Avez-vous remarqué, quand vous faites du vélo, que vous pédalez plus vite en présence d’un autre cycliste à vos côtés ? Et que vous applaudissez moins fort votre chanteur préféré en compagnie d’une foule de fans que dans un endroit plus clairsemé ? Vous est-il déjà arrivé de vouloir ouvrir une porte parce qu’y est affiché un panneau « Interdit d’entrer », ou de vous autoriser un petit retard à un rendez-vous en pensant que votre amie vous attendra et qu’elle vous pardonnera ?
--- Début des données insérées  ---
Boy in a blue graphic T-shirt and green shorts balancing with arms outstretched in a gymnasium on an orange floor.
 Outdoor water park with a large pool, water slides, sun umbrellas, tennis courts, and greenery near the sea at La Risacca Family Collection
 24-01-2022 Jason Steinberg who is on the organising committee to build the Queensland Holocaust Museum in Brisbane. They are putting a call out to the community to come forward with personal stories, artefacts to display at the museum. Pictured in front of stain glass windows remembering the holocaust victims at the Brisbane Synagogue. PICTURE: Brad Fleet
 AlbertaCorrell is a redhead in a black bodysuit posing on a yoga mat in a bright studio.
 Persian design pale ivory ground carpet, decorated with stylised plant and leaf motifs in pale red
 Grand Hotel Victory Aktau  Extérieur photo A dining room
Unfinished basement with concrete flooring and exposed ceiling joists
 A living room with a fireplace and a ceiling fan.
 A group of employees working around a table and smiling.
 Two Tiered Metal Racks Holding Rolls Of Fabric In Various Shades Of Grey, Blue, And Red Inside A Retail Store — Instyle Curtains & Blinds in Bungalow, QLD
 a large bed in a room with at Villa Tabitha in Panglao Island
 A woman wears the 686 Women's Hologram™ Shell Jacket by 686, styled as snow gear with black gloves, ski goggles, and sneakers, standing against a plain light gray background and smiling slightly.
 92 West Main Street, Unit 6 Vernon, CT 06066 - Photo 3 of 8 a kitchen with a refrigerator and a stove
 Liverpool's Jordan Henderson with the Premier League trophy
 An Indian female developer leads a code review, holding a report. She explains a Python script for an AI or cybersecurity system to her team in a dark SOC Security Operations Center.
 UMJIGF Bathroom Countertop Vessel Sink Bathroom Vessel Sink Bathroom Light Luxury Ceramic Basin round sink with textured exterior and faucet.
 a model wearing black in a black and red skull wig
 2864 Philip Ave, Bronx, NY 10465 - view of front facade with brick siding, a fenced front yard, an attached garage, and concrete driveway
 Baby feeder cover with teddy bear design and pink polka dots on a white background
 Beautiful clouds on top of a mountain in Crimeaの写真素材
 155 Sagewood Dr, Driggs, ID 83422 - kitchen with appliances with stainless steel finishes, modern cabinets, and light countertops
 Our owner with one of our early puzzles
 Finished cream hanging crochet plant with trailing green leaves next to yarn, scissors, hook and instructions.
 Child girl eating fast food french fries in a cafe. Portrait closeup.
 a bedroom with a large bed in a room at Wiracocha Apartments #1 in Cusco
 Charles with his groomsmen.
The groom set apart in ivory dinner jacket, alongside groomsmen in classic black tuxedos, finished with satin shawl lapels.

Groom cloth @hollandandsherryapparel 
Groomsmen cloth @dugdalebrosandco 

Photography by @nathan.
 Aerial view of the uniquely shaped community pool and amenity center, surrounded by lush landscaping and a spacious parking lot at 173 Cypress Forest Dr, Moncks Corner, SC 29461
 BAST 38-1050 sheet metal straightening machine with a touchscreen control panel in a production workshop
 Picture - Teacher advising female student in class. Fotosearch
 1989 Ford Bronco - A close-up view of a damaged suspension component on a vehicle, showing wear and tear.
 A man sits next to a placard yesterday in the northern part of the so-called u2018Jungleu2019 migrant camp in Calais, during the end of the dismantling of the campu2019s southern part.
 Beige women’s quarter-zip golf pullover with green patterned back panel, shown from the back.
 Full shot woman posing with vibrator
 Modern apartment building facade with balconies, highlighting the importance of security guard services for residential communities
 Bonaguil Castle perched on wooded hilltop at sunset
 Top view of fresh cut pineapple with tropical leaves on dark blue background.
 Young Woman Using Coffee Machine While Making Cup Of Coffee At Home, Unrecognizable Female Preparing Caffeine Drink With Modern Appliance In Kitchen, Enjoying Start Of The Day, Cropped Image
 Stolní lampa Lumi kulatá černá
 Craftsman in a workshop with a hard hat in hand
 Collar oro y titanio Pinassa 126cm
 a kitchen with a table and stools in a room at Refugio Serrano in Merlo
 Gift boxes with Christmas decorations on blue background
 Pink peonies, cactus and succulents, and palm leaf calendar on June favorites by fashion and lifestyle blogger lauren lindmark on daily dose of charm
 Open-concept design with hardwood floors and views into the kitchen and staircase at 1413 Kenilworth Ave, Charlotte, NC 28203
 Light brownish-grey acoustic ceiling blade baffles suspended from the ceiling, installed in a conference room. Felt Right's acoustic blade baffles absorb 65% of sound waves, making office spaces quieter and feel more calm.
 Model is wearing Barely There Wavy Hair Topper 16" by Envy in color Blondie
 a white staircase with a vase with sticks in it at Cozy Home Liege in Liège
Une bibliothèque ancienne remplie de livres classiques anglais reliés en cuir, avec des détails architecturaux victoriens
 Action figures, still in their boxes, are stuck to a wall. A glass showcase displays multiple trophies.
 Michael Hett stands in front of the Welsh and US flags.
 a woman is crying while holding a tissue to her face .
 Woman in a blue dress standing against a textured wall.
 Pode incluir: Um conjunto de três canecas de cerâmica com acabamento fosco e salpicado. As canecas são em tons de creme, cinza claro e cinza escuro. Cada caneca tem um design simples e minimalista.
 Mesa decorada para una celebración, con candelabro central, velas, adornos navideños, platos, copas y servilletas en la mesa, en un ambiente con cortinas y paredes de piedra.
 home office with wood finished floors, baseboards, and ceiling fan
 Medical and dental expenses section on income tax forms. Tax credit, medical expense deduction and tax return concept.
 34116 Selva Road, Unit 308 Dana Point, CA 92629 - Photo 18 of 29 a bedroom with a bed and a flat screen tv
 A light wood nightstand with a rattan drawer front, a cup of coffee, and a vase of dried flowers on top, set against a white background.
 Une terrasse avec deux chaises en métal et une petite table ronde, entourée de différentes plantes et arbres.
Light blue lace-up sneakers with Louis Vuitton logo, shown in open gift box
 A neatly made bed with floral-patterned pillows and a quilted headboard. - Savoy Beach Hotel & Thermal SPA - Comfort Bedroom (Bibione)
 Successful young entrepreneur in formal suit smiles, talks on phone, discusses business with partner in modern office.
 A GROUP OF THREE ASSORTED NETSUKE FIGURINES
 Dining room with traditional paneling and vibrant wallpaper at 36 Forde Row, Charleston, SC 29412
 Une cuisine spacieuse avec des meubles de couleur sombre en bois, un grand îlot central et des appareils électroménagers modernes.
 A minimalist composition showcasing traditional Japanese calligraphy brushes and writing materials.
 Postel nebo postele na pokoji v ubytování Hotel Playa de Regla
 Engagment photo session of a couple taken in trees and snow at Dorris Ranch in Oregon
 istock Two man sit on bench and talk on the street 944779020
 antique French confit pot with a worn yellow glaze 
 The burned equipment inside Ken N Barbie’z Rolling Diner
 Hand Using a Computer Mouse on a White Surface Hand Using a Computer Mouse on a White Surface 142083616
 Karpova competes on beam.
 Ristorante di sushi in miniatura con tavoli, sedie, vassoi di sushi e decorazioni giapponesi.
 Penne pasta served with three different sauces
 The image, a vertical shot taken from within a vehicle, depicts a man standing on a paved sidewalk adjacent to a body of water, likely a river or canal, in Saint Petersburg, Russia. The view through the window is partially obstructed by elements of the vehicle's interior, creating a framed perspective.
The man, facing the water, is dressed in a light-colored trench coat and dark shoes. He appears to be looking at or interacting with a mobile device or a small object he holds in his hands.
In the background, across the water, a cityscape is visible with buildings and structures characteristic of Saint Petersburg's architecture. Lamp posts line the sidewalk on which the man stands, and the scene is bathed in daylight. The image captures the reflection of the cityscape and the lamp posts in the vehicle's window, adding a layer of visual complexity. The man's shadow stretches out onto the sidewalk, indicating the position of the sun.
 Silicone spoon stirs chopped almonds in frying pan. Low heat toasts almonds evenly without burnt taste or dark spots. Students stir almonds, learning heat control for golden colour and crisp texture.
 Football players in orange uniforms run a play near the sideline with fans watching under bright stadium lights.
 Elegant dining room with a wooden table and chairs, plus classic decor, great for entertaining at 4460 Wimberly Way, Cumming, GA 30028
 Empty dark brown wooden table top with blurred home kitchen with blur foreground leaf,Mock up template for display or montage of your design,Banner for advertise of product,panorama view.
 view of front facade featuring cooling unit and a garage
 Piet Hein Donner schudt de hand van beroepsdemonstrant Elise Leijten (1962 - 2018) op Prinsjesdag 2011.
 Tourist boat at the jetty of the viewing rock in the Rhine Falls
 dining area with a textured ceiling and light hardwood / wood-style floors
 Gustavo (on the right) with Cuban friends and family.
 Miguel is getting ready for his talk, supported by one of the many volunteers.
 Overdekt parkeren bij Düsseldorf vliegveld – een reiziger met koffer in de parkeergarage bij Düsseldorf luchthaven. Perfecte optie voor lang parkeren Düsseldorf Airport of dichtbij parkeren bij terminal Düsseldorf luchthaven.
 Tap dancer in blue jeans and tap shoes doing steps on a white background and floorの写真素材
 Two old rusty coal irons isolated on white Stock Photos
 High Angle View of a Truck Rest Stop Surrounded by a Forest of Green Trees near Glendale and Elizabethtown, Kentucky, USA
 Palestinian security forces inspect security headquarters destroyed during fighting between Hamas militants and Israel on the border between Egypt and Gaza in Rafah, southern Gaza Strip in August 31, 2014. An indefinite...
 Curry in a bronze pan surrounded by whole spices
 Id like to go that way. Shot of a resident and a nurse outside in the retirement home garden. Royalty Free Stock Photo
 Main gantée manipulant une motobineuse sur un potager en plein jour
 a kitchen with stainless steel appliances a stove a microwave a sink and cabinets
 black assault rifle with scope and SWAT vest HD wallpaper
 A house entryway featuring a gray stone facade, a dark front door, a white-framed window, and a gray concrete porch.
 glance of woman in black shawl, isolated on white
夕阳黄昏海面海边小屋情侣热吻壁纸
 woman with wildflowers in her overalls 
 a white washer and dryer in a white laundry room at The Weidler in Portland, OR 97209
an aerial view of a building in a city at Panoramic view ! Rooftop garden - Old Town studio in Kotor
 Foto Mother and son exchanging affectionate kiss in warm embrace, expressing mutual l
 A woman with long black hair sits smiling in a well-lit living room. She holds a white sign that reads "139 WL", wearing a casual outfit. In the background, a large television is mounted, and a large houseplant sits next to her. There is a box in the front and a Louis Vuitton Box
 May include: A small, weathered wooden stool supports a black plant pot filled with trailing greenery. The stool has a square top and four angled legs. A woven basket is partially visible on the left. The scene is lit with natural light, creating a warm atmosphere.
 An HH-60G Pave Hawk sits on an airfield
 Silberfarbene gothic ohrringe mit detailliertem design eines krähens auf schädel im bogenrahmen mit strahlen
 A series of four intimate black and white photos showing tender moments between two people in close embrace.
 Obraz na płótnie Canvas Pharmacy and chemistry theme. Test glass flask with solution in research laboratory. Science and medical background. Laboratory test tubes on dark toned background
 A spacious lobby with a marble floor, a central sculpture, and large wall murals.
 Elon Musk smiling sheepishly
Il est fort probable que vous ayez répondu « oui » à au moins une partie de ces questions. Elles concernent des situations assez banales, fréquentes et en apparence sans aucun intérêt majeur pour la vie en société. Pourtant, la psychologie sociale les étudie. La psychologie sociale est une science qui se donne pour objectif de « comprendre et expliquer comment les pensées, les sentiments et les conduites des individus sont influencés par la présence réelle, imaginaire ou implicite d’autrui ». En effet, si vous relisez les questions, vous constaterez facilement qu’autrui y est toujours présent, ou bien physiquement à vos côtés (un autre cycliste), ou bien dans votre imagination (une amie qui vous attend), ou bien implicitement (« Interdit d’entrer »). Mais pourquoi donner une telle importance à autrui et faire de l’étude de son éventuelle influence une discipline scientifique ? La principale raison est assez simple : si nous naissons dépendants d’autrui, nous passons toute notre vie à être interdépendants. Autrement dit, peu importe ce que nous faisons, du plus banal au plus extraordinaire, la vie en société est ainsi faite. Autrui ne nous quitte pas et nous ne le quittons pas non plus.
Faiblesse d’un effort collectif
Parmi les premières études expérimentales de psychologie sociale, celles consacrées à la performance occupent une place particulièrement importante. Elles illustrent déjà une différence entre les chercheurs qui pratiquent cette discipline en Europe et aux États-Unis. Les premiers seraient plus intéressés par les phénomènes collectifs et les seconds par l’individu. Selon le secteur et l’époque, cette différence va s’agrandir ou s’atténuer.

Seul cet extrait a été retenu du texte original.